However, to claim that your latte is keeping you poor is a silly and ineffective approach to developing a plan. If you are on this site, your goal likely isn't to save an additional 1-2% of your income. It is likely that your goal is to attain financial independence with significant ($1M+?) assets and significant cash flow ($3,000 - $5,000 - $10,000+?) and to do this far earlier in life than 40 years down the line in our 60s and 70s.
To move towards that goal, a strategy of cutting out lattes is going to be laughably ineffective. Assuming that you are attempting to cut out spending, there are likely to be only three categories in which you can make a material (decades faster in achieving your goal) difference.
Note, this does not take into account what you can do on the income front.
These three categories are:
* Your Housing Costs
* Your Transportation Costs
* Your food costs
See this graph of average american household spending from the Bureau of Labor Statistics:
Where are lattes in that graph? Maybe a percentage of food? Maybe entertainment?
Ridiculous.
Obviously, if you analyze your own spending and find lattes to be a chunk large enough for it to have it's own piece of the pie, fix that personal problem.
But, the rest of us would do better to focus heavily on fixing huge problems, like cutting our housing and transportation budgets in half.

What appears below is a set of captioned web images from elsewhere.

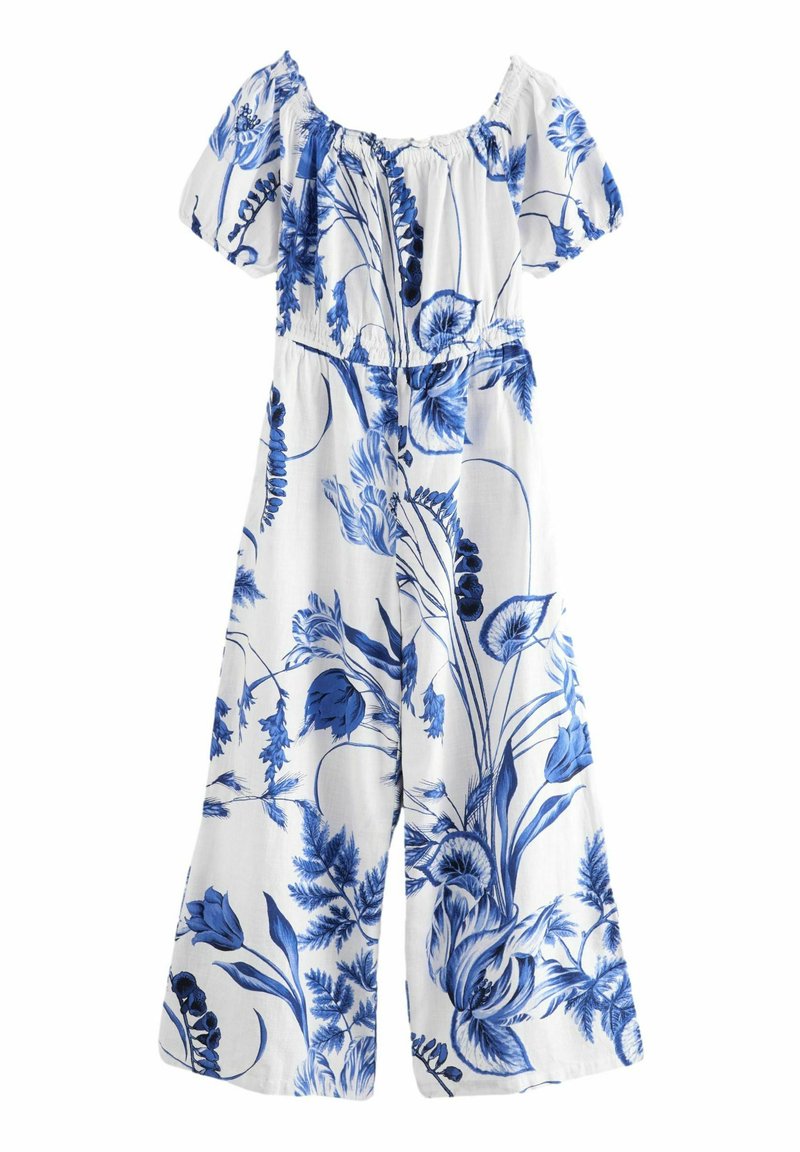 Next OFF SHOULDER WIDE LEG - Overall / Jumpsuit - white blue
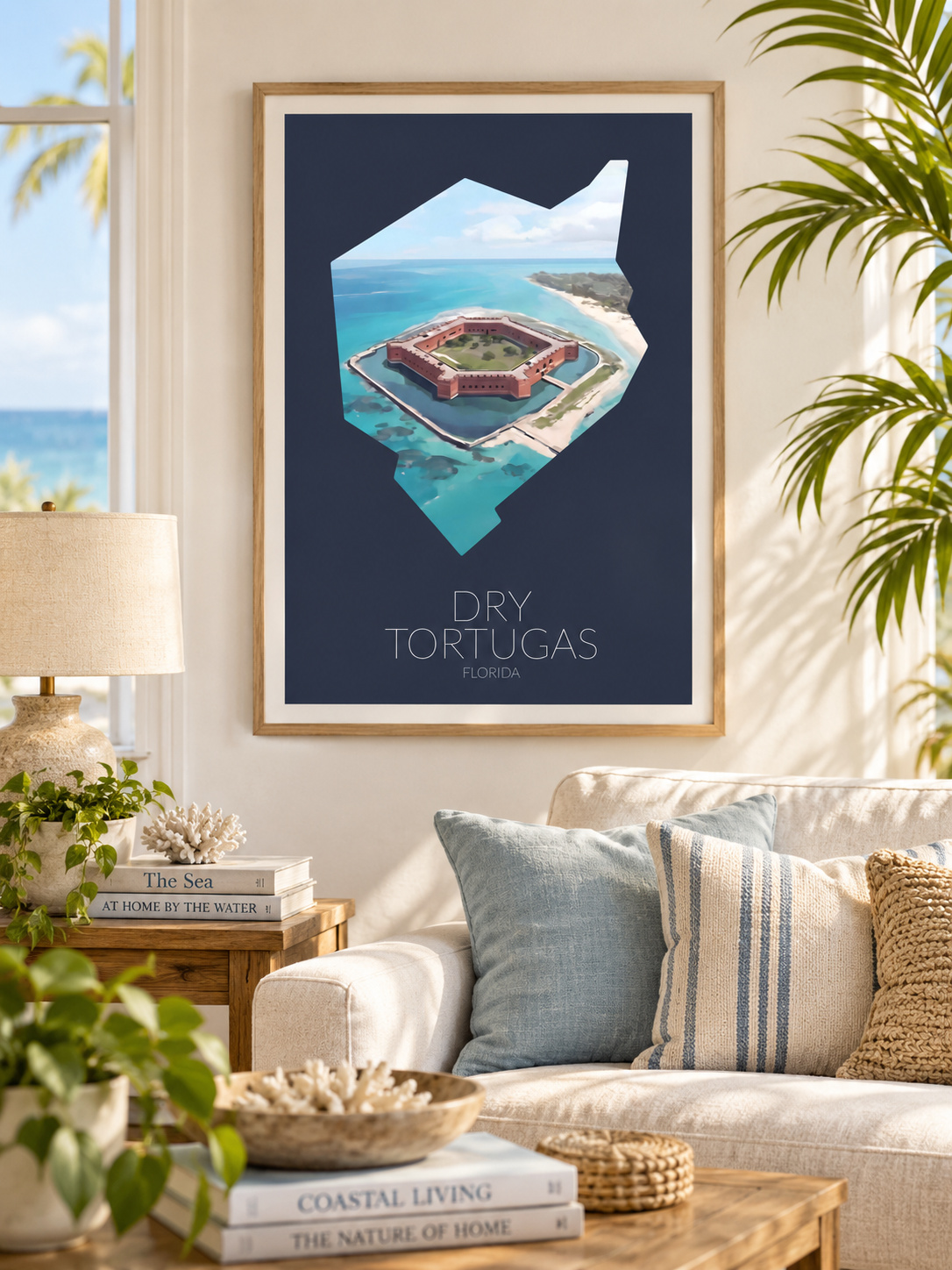 Dry Tortugas National Park artwork displayed as framed wall art in a home interior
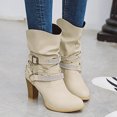 thumbnail image 2 of Xiaoxatg Women's Mid-Calf Boots Short Boots European Thick High Heel Belt Buckle Stylish and Comfortable Footwear for Ladies 8.5 Beige, 2 of 5
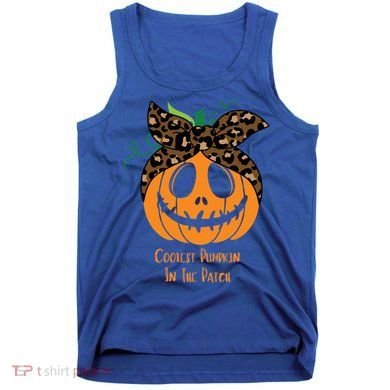 Coolest Pumpkin In The Patch Jackolantern Leopard Head Scarf Cool Gift Tank Top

Of course, cutting out spending in general on unnecessary things like lattes does help a little bit.
I think that a smarter way to interpret the point about lattes is in thinking through every small decision of similar size, and making it a default to reject them out of hand, and plan around them. This includes coffess, snacks from vending machines, drinks or food at local restaurants when the same value could be had at home for 1/10th the cost, etc.